Academy Award Nominee, Best Writing, Screenplay Based on Material Previously Produced or Published, Ted Elliott, Terry Rossio, Joe Stillman and Roger S.H. Schulman, 2002.
Nominee, Best Comedic Performance, Mike Myers, MTV Movie Awards, 2002.
Nominee, Best Comedic Performance, Eddie Murphy, MTV Movie Awards, 2002.
Nominee, Best Movie, MTV Movie Awards, 2002.
Nominee, Best On-Screen Team, Mike Myers, Eddie Murphy and Cameron Diaz, MTV Movie Awards, 2002.
Nominee, Black Reel Award, Best Supporting Actor, Eddie Murphy, 2002.
- Originally Released in 2001.
- Running Time: 89 minutes.
Cartoon Production Information:
The film grossed $267.7 million in domestic box office sales, making it the third highest-grossing movie of 2001. Home video sales were huge.
Yes, it does take some well-earned potshots at Disney icons, and I also noticed a few nods to Monty Python and the Holy Grail and even Citizen Kane. But what Shrek most resembles- in spirit- are the irreverent "Fractured Fairy Tales" that Jay Ward produced for TV. Like those classics, Shrek is kind enough to (a) use its satire as throwaway gags, rather than loudly calling attention to its genius, and (b) assume, like all the best cartoons, that both adults and children can enjoy a well-made, hilarious animated movie.
The story has great fun with turning fairy-tale conventions on its head, starting with the "Once upon a time" tale which the ogre Shrek (voiced by Mike Myers) reads so sweetly and then ends up using as... well, perhaps I shouldn't say it here. Suffice to say, the movie turns a lot of cliches about love's first kiss inside out by way of demonstrating that, by golly, true love really can come to those who wait, even ogres.
In the meantime, Shrek acquires a sidekick (a donkey with the voice of Eddie Murphy) who himself is enough of a wink at Disney cliches, in that he is actually funny and has a personality. Shrek and the donkey save an imprisoned princess (Cameron Diaz), and that would be enough story for most cartoons right there. But by the time the princess is saved, the movie is only one-third finished, and the princess is an original enough character to be annoyed at the manner of her rescue.
And that is the charm of Shrek, because just when it seems to follow familiar paths, you find that the movie's makers have quite a few surprises to unfurl. Like the best animated films. Shrek has densely filled landscapes, characters, and plot twists that make most of its live-action movie competitors look puny in comparison.

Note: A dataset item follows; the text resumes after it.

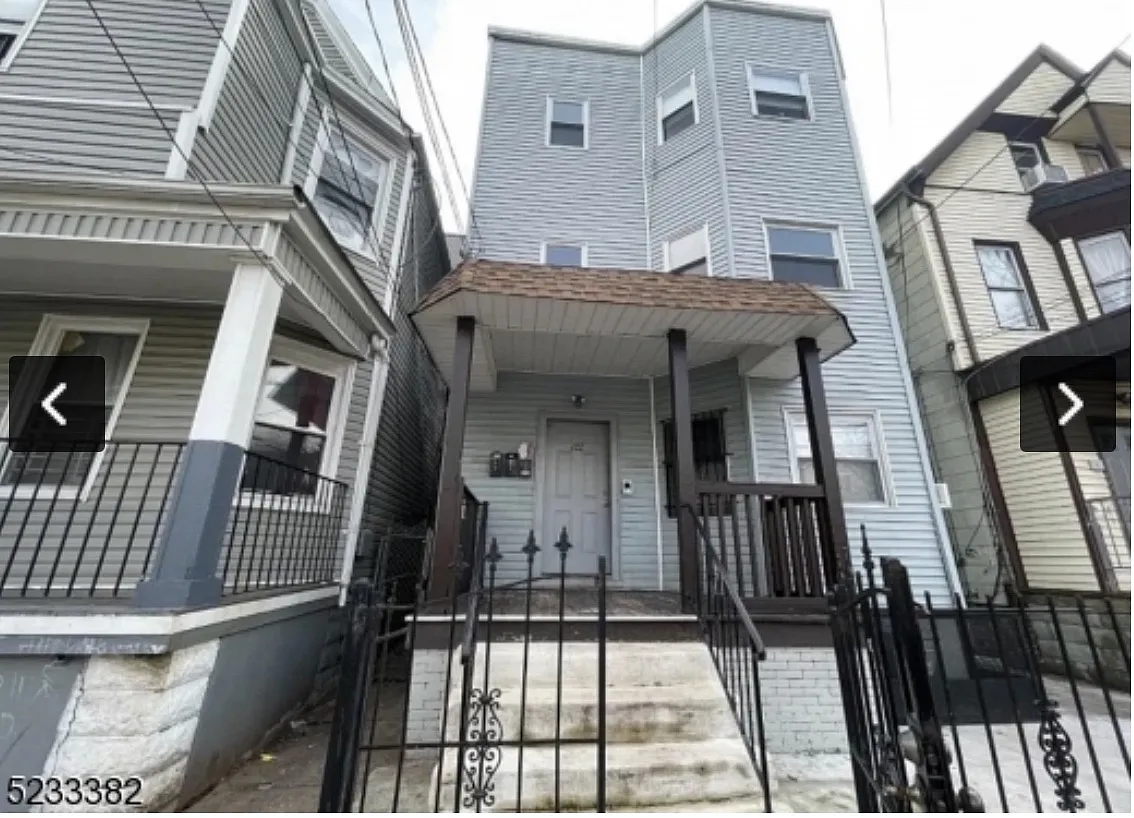 Building Photo - 122 Littleton Ave #3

Kudos are richly deserved all around, from the great voice actors (including John Lithgow as a snotty and diminutive prince), to skillful directors Vicki Jenson and Andrew Adamson (never is a shot too lingering or too short), to the gifted writers who adapted the original children's book- and to DreamWorks Pictures, which has tried hard the last couple of years to be a contender and pretender to the Disney throne. This time, they might just have succeeded.